- Thursday’s candlestick (Jul 3) was a small bull bar closing in its upper half.
- In our last report, we stated that traders would observe whether the bulls could create a follow-through bull bar, closing near its high, or if the market would trade higher but close with a long tail above or a bearish body instead.
- The market traded sideways to up and the bulls got a follow-through bull bar.
- The bulls hope to get a retest of the Jun 20 high, even if it only forms a lower high.
- They must continue to create follow-through buying to show they are back in control.
- The bears want the spike up (Jun 20) to form a major lower high (vs April). So far, this is the case.
- They want a resumption of the broad bear channel and the third leg down with the first two legs being Jan 17 and May 8.
- They see the current move as a retest of the prior high (Jun 20) and want a lower high major trend reversal and a double top bear flag (with the Jun 20 high).
- They must create strong bear bars to show they are back in control.
- Production for July should be around June's level.
- Refineries' appetite to buy so far looks decent.
- Export: To be seen in July.
- The market is forming a retest of the Jun 20 high and so far, it is a lower high.

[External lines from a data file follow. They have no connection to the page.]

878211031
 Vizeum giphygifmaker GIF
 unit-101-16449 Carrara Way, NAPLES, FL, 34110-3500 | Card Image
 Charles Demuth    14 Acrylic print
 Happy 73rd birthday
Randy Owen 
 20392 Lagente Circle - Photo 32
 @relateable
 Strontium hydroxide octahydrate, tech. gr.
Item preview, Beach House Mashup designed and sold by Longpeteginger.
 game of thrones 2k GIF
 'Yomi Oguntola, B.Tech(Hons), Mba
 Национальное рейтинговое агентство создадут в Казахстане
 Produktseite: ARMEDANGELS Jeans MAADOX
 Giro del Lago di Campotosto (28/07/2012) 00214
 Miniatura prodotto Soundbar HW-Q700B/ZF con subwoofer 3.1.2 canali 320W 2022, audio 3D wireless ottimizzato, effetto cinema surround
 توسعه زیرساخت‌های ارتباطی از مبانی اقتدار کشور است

- The bulls need to do more to show they are back in control by creating follow-through buying trading above the Jun 20 high for a sustained move higher.
- If the market continues to stall around or below the Jun 20 high, the odds of a double top bear flag (with Jun 20) will increase.
- For tomorrow (Friday, Jul 4), traders will see if the bulls can create another follow-through bull bar closing near its high.
- Or will the market stall and form bear bars instead?